The short- and long-run consequences of missing out on a place at a preferred secondary school in England (with Ian Walker)
Schools vary in quality, and in England, high-performing schools tend to be oversubscribed: there are more applicants than places available. In this paper, we use nationally representative cohort data linked to administrative education records to study the long-term consequences of failing to gain admission to one's preferred secondary school in England. Our empirical strategy leverages features of the institutional setting and the literature on school choice to make a case for a selection-on-observables identifying assumption.
Failing to gain a place at a preferred school had little impact on performance in high-stakes examinations, staying on in school and university attendance, but was associated with lower income and reduced mental health in adulthood. These effects are especially pronounced in areas which deployed a manipulable assignment mechanism for school places, where we also detected detrimental effect on high-stakes examination outcomes. A potential channel is increased early engagement in risky behaviours. Our results show that schools are important in shaping more than test scores, but also that the workings of the school admission system play a fundamental role in ensuring access to good schools.

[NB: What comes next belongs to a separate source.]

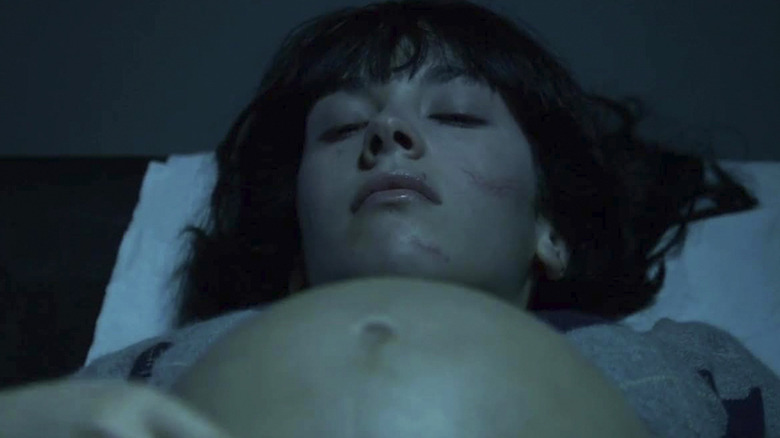 Alysson Paradis as Sarah in bed with her pregnant belly exposed in Inside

This paper assesses whether additional schooling has lasting causal effects on cognitive function and explores the role of occupation type in shaping these effects. Exploiting quasi-experimental variation from the 1972 raising of the school leaving age in England and Wales, I find that an additional year of schooling improves working memory by one- to two-thirds of a standard deviation. However, I find limited evidence for causal effects on verbal fluency and numeric ability. Staying on at school also reduces the probability of entering a manual or routine occupation. Results from a causal mediation analysis show that, in line with other studies, the occupation channel can explain up to about one-fifth of schooling’s effects on memory. These figures are very imprecisely estimated. While remaining agnostic about the role of occupation, I conclude that basic education causally improves an important component of cognitive function in older ages.
Adolescent school bullying victimisation and later life outcomes (with Colm Harmon, Silvia Mendolia, Anita Staneva and Ian Walker)

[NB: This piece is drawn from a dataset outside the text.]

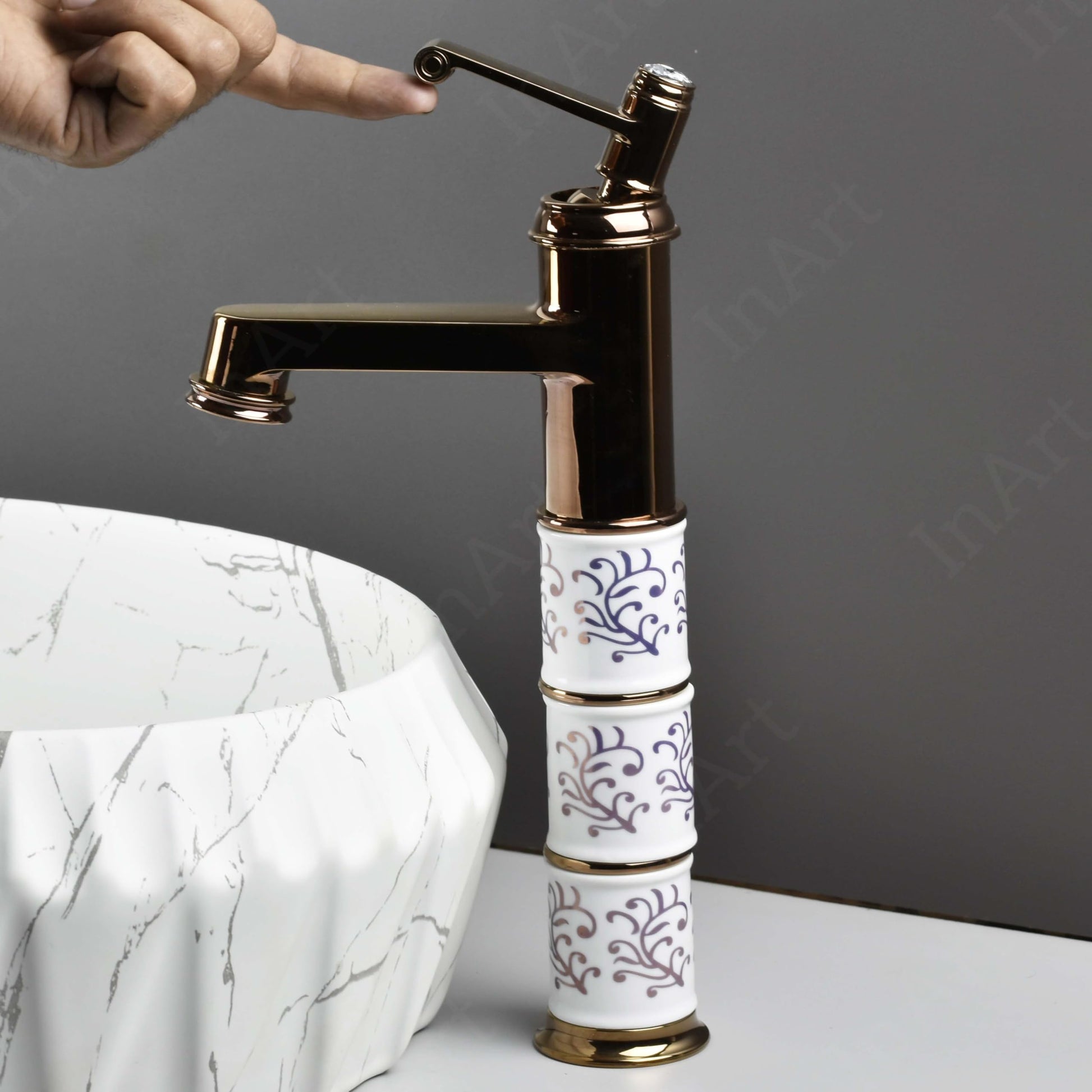 Close-up of InArt waterfall spout on rose gold basin mixer tap, smooth flow design in zinc alloy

Working paper version March 2019: https://hceconomics.uchicago.edu/research/working-paper/causal-effects-adolescent-school-bullying-victimisation-later-life-outcomes
We use a cohort of recent English adolescents to analyse the long-term effects of having been bullied in junior high school. The data contain self-reports of five types of bullying, and their intensity, for three waves of the data – up to the minimum school leaving age. We examine a variety of outcomes, including educational achievements, obtained from matching administrative data, and earnings at age 25. Employing a variety of estimation strategies, we show a pattern of results which strongly suggests there are important long run effects on victims – stronger than correlation analysis would otherwise suggest.
Do parents respond to their child missing out on a place at a preferred school?
This study documents parental responses to a perceived shock to public investments in their child’s schooling: missing out on a place at their first-choice primary school. In England and Wales, not all families are allocated a place at their first-choice school because popular schools are oversubscribed. This paper uses inverse-probability-weighted-regression to compare families with similar preferences over schools, admission probability, and socio-economic characteristics—yet one gains a place at their preferred school, and one misses out. When the pupils are aged 7 years, the analyses fail to detect evidence for differential parental investments either through helping with homework or private tuition. At age 11 years, when families are preparing for secondary school, parents of children who missed out on a place spend less time helping with homework (although this is not statistically significant). However, private tuition and music lessons are significantly increased.